Quando se analisa o desempenho do comércio exterior de 2008 até hoje, verifica-se que há uma semelhança bastante forte entre a trajetória de diversas variáveis em 2010 e em 2008. Já em 2009, que absorveu o maior impacto da crise global, o desempenho tende a ser bem diferente.

Os dados apontam, porém, que, depois do ano atípico de 2009, o comércio exterior de manufaturados do Brasil não retornou, como a maior parte dos outros indicadores, ao padrão de 2008, o que é preocupante. Como se sabe, a China reagiu à crise mantendo o nível do seu câmbio nominal, tanto no momento inicial de desvalorização das moedas em geral em relação ao dólar, quanto na subsequente reapreciação. À medida que os efeitos da turbulência foram se dissipando, processo particularmente rápido no mundo emergente, as moedas desses países — e, especialmente a daqueles, como o Brasil, que se beneficiam da alta das commoditidies — valorizaram-se ante o dólar, e, consequentemente, diante do yuan.

Por outro lado, com a retração do consumo nos países ricos, cujo tecido econômico foi danificado de forma mais duradoura pela crise, a China tende naturalmente a voltar suas baterias exportadoras para países emergentes.

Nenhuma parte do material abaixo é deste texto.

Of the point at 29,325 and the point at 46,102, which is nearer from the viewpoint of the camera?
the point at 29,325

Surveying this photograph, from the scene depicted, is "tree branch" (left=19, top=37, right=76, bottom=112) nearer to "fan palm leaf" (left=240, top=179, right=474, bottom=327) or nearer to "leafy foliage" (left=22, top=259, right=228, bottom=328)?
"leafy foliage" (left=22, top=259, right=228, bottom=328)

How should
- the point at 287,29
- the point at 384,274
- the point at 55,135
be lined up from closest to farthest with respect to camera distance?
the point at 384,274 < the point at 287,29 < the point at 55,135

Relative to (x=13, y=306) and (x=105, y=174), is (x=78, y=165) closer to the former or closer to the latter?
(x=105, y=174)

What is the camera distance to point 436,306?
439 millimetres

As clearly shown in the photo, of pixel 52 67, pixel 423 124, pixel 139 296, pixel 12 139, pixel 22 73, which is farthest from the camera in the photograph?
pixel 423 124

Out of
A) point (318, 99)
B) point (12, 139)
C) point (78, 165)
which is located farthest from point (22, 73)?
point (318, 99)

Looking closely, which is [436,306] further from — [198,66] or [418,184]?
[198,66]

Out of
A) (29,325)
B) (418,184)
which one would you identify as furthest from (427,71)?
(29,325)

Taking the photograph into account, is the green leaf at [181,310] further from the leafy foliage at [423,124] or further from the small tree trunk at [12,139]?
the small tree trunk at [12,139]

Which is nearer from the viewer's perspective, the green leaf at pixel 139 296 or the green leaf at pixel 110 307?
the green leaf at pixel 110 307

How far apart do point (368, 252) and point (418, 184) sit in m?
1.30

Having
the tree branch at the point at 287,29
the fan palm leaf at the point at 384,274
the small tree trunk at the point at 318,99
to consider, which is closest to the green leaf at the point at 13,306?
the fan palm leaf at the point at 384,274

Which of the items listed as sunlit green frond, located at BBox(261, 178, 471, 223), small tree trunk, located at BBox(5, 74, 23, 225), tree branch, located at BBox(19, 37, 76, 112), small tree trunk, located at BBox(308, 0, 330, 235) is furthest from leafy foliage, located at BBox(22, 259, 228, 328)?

Em alguns desses mercados, como os da América Latina, os produtos manufaturados chineses entram em competição direta com os brasileiros, que têm nos países da sua própria região alguns de seus principais clientes. Além disso, os bens industriais exportados pela China também concorrem com a produção brasileira de manufaturas para o mercado doméstico. Esses fatores estão por trás da “primarização” da pauta de exportações do Brasil, embora, aparentemente, ainda não haja “primarização” equivalente na produção doméstica.

Mesmo que seja cedo para um diagnóstico definitivo, o comportamento divergente das manufaturas no comércio exterior brasileiro no período pós-crise chama atenção, e merece estudo mais aprofundado. Seria prematuro decretar que o Brasil sofre de desindustrialização. Essa é uma preocupação antiga, e os dados, até pelo menos 2008, não a corroboram. Por outro lado, no período mais recente, e, especialmente, na saída da turbulência global, há sinais novos de possível perda de competitividade industrial. Não se trata de uma sangria desatada, e reações precipitadas — especialmente no sentido de alterar o regime macroeconômico e o cambial — seriam certamente equivocadas. Mas parece ser o momento de examinar o problema de forma mais rigorosa.